The White House responded earlier today to the U.S. people's petition to deport the pop star back to his native Canada. The Associated Press reports that the White House is citing a rarely-used caveat that allows it to decline to respond to a petition. Despite the popularity of this particular petition, which eventually garnered more than 275,000 responses, it looks like the Bieb is just too hot a topic for the Obama administration to handle.
Instead, the White House argued that it was a great time to think about immigration reform, which it told the AP could save the American public $1 trillion, the equivalent of 100 billion Justin Bieber albums.
Thanks, but no thanks, guys. Immigration reform won't help us deal with what is clearly an international pop crisis. Anyone confused by the decision to non-decide might gain some clarity from the White House's official response to a similar petition to deport the controversial pundit Piers Morgan back to the U.K.
"Americans may disagree on matters of public policy and express those disagreements vigorously, but no one should be punished by the government simply because he or she expressed a view on the Second Amendment—or any other matter of public concern,” wrote White House Press Secretary Jay Carney. He was referring to Morgan's contentious views on gun control.
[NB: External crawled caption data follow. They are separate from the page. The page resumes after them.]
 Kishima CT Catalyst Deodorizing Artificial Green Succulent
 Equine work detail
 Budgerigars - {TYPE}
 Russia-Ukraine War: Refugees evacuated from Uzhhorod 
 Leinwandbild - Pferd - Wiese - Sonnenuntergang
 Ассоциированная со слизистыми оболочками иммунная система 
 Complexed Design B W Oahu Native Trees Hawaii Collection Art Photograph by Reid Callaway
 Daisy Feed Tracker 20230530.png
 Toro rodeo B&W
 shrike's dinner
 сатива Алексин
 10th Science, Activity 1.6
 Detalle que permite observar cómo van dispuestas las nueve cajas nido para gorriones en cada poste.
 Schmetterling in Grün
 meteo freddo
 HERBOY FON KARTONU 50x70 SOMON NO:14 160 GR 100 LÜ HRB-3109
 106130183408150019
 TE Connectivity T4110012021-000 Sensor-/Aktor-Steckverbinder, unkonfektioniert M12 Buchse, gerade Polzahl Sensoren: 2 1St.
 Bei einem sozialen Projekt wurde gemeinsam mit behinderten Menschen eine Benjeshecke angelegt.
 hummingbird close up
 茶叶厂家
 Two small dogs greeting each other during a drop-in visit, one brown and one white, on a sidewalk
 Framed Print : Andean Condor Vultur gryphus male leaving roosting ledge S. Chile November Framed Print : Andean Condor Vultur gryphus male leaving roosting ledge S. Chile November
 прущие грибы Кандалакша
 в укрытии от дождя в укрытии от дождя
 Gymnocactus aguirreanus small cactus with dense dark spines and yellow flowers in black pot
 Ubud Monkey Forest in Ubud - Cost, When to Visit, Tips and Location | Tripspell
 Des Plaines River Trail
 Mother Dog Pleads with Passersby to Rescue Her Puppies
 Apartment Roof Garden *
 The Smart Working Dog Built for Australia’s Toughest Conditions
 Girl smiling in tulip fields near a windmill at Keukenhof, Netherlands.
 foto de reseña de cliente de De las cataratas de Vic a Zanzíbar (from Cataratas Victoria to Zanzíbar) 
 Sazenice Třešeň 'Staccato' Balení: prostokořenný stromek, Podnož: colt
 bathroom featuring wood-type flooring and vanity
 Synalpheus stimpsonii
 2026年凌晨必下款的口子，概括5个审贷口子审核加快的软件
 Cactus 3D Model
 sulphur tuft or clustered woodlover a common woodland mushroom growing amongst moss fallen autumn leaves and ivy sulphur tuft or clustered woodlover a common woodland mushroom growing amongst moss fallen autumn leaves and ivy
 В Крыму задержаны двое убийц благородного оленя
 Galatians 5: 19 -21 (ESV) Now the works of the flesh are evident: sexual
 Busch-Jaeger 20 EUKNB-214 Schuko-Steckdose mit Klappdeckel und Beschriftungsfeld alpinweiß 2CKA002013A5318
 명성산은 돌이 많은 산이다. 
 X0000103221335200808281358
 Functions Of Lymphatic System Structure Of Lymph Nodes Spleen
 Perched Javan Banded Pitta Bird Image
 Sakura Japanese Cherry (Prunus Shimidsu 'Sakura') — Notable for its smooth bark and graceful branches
Bieber doesn't just express his lack of American values by peeing on things and dissing former presidents, but it's a safe bet that the U.S. government didn't want to risk the wrath of a fangirl nation by criticizing the pop star. After all, Obama has a Twitter account. He knows what it's like out there.
At least we don't actually have a diplomatic relationship with Westeros. If Joffrey had fled to the U.S. prior to the Purple Wedding, it looks like we'd never be able to give him back.